**Exercise requirements**
Your answer is to be every line of the material that includes the string "Chapter".

**Input**
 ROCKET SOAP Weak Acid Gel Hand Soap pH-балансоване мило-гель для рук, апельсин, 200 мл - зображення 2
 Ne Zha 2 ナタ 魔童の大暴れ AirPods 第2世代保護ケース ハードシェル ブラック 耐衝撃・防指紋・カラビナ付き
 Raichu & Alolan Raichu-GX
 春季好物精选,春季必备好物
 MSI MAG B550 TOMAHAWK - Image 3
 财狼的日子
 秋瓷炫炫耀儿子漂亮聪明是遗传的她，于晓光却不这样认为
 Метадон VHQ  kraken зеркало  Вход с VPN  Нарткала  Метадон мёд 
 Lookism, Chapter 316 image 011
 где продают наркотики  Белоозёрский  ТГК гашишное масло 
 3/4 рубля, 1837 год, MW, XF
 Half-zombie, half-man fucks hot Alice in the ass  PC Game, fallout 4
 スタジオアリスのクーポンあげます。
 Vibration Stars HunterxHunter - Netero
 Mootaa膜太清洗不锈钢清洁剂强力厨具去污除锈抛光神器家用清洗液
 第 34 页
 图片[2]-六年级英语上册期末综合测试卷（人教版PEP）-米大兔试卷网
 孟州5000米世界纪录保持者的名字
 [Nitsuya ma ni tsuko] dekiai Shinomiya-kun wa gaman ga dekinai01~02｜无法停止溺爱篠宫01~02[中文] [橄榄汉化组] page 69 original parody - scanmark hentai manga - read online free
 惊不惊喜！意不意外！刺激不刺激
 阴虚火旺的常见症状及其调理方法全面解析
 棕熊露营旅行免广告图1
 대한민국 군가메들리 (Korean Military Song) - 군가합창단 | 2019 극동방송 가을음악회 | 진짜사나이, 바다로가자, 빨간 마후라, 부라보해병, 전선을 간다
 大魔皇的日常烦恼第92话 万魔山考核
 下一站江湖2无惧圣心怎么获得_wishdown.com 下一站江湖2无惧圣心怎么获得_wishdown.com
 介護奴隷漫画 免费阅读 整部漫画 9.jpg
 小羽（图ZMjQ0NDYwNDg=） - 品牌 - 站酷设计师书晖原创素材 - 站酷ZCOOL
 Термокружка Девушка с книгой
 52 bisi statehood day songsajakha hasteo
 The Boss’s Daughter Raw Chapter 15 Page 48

**Answer section**
 Lookism, Chapter 316 image 011
 The Boss’s Daughter Raw Chapter 15 Page 48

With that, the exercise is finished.